Radial Müntz-Szász Networks: Neural Architectures with Learnable Power Bases for Multidimensional Singularities
Gnankan Landry Regis N'guessan, Bum Jun Kim
TL;DR
Radial Müntz-Szász Networks (RMN)Address radial singularities by using learnable radial power bases $r^{\mu}$ with negative exponents and a limit-stable log-primitive to realize $\log r$. A separability obstruction shows coordinate-wise power bases cannot efficiently approximate non-quadratic radial functions, motivating RMN's architecture that directly parameterizes radial structure.

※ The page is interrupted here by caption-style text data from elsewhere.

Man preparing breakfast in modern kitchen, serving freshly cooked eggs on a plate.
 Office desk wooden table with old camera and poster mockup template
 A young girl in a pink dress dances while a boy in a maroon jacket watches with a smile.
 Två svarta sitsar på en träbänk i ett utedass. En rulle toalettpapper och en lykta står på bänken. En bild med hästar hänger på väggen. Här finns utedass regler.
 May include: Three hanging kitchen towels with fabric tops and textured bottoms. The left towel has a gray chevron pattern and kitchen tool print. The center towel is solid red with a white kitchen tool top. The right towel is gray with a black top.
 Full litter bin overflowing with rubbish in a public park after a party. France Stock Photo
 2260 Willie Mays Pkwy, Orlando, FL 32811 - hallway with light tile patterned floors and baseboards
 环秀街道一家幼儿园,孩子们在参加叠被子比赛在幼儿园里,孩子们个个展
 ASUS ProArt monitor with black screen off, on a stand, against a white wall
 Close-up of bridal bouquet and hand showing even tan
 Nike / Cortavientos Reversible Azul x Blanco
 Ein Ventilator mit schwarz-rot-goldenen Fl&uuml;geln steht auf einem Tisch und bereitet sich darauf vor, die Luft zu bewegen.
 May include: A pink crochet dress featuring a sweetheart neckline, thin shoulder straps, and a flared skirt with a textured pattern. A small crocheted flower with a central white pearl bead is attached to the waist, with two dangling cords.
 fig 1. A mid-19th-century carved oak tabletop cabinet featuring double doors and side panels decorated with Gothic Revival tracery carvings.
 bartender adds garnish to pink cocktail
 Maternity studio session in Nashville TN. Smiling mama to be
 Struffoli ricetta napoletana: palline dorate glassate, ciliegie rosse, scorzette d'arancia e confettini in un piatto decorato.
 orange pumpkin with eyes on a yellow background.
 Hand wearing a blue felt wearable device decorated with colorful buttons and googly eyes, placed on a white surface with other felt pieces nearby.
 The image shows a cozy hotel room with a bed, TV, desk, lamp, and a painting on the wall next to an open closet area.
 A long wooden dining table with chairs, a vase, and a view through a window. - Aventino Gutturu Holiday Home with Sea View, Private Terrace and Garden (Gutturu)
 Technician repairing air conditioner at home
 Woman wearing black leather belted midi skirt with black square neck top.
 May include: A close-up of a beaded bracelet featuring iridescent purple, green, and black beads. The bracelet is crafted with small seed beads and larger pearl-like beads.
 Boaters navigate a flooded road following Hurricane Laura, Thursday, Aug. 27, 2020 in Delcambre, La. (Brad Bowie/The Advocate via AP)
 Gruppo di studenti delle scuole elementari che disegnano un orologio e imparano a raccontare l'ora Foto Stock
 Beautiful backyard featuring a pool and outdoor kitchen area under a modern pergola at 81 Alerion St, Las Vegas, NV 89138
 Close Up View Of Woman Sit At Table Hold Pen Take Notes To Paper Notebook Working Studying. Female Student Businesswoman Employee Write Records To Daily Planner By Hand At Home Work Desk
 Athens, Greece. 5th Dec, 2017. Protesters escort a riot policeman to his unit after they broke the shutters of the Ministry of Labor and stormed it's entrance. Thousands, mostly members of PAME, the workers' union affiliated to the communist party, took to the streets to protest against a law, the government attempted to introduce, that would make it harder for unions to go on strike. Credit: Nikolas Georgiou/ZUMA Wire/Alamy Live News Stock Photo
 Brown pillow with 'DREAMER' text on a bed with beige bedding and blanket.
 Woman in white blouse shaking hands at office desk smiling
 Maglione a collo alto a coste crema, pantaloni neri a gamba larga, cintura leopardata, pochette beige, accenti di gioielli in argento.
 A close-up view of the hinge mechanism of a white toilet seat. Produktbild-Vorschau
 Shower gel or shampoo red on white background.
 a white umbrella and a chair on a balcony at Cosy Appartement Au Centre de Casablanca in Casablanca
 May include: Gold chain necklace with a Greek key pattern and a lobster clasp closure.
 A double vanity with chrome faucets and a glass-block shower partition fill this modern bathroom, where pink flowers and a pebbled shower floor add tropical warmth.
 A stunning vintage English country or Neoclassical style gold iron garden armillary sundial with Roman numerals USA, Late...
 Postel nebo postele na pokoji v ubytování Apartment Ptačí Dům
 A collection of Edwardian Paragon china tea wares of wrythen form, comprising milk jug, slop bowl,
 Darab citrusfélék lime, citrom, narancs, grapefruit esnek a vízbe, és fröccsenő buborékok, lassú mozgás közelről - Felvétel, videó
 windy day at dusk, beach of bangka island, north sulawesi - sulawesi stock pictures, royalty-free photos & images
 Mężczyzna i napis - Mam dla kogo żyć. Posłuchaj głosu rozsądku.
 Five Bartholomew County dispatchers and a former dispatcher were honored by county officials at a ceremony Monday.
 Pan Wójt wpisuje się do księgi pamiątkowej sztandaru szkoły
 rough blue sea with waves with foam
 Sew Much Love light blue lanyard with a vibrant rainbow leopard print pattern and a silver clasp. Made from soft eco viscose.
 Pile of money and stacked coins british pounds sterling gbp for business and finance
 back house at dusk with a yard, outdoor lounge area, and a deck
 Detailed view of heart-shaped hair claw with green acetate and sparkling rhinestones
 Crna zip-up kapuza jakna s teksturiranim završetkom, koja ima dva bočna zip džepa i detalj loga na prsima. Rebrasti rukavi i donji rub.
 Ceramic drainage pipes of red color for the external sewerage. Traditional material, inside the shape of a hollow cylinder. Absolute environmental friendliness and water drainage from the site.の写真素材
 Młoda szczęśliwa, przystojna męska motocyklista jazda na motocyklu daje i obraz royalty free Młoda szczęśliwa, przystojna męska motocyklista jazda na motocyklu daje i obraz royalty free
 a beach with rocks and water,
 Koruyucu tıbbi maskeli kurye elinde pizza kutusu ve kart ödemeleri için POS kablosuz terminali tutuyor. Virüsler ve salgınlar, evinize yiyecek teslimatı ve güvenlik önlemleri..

RMN variants include RMN-Angular for angular dependence via spherical harmonics and RMN-MC for learnable singularity centers, with closed-form derivatives enabling physics-informed training. Across 10 benchmarks in 2D and 3D, RMN achieves up to $50\times$ lower RMSE with far fewer parameters than MLPs and SIREN, while preserving interpretability through learned exponent spectra that reflect physical singularities. The approach offers a compact, structure-aware alternative for singular problems, with clear limitations for strongly non-radial targets and opportunities for future physics-informed and time-dependent extensions.
Abstract
Radial singular fields, such as $1/r$, $\log r$, and crack-tip profiles, are difficult to model for coordinate-separable neural architectures. We show that any $C^2$ function that is both radial and additively separable must be quadratic, establishing a fundamental obstruction for coordinate-wise power-law models. Motivated by this result, we introduce Radial Müntz-Szász Networks (RMN), which represent fields as linear combinations of learnable radial powers $r^μ$, including negative exponents, together with a limit-stable log-primitive for exact $\log r$ behavior. RMN admits closed-form spatial gradients and Laplacians, enabling physics-informed learning on punctured domains. Across ten 2D and 3D benchmarks, RMN achieves 1.5$\times$--51$\times$ lower RMSE than MLPs and 10$\times$--100$\times$ lower RMSE than SIREN while using 27 parameters, compared with 33,537 for MLPs and 8,577 for SIREN. We extend RMN to angular dependence (RMN-Angular) and to multiple sources with learnable centers (RMN-MC); when optimization converges, source-center recovery errors fall below $10^{-4}$. We also report controlled failures on smooth, strongly non-radial targets to delineate RMN's operating regime.